The partly future-oriented and technically sophisticated features of Renzo Piano’s architecture contribute little to a comfortable exhibition situation for the art. This is true both aesthetically and in functional terms. Such «architectural resistance» may in time be used to art’s advantage, but in this opening exhibition no such productive relationship between architecture and art is evident. At their best, the views of the water through vast window areas are compellingly dynamic, offering glimpses of slender steel pillars that mime the masts of boats. However, the rooms do not appear greatly suited to the large collections. The slanting glass roof, which greatly affects the lighting, can be said to minimise the experience of the museum’s volumes. Another disappointment is the corridor-like passages peppered with works from the collection. Here, there is quite simply not enough room to breathe properly and the artworks seem crowded, as if standing in line for something. It is a mystery to me why the works have been placed so close to each other; they consistently kill each other. Many of the installations – such as Anselm Kiefer’s overwhelmingly heavy bookshelf and a complex installation by Matthew Barney – are disrupted to the point of disappearing.

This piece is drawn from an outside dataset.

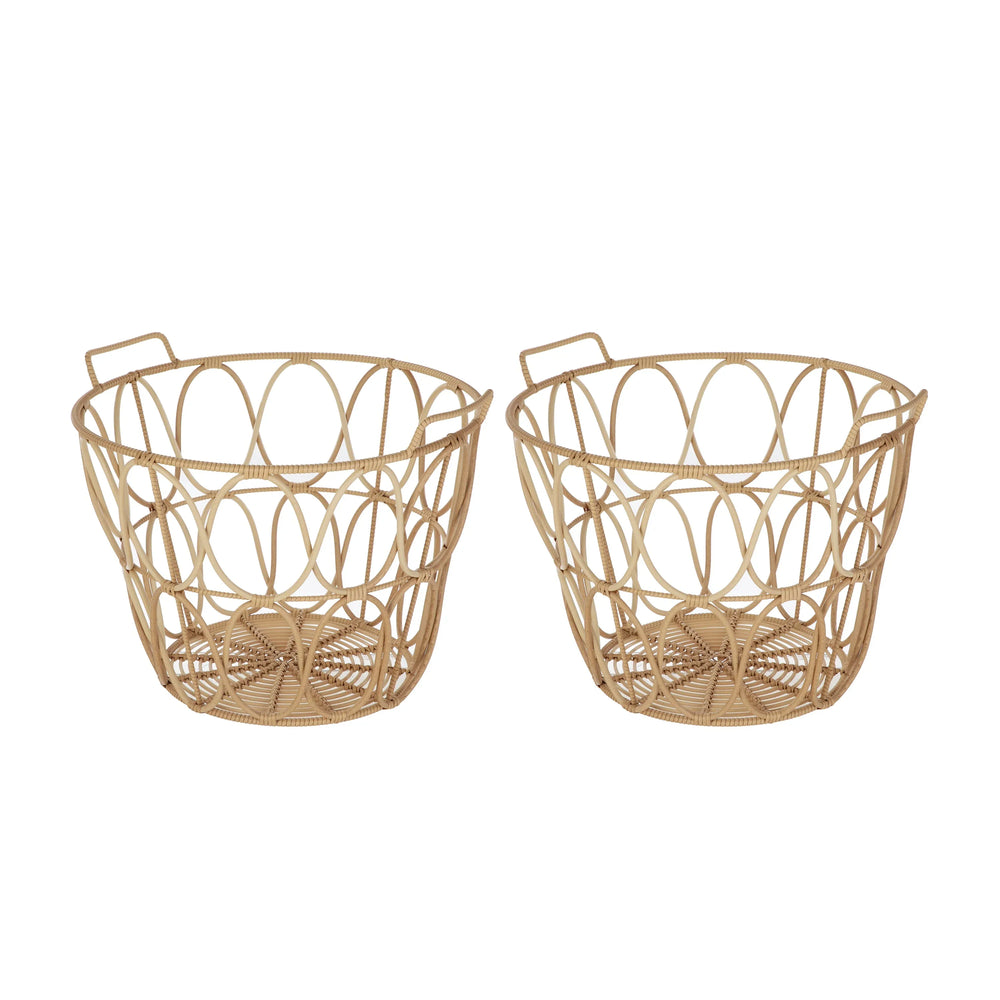 Better Homes & Gardens Large Poly Rattan Storage Basket with Handles - USA MEGA SHOP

The bookshelf almost becomes ordinary, reminiscent of a living room, juxtaposed rather strangely with Jeff Koons’ overgrown figurine Michael Jackson and Bubbles (1988). Barney’s work is disturbed by visual noise as if it were placed in a bazaar. To put it briefly: the collection would have been better served if the museum had shown only half of the artworks currently on display. Then perhaps a range of thematic or conceptual links could become clear and the museum could have risen above all this conspicuous consumption, seemingly devoid of an overarching vision.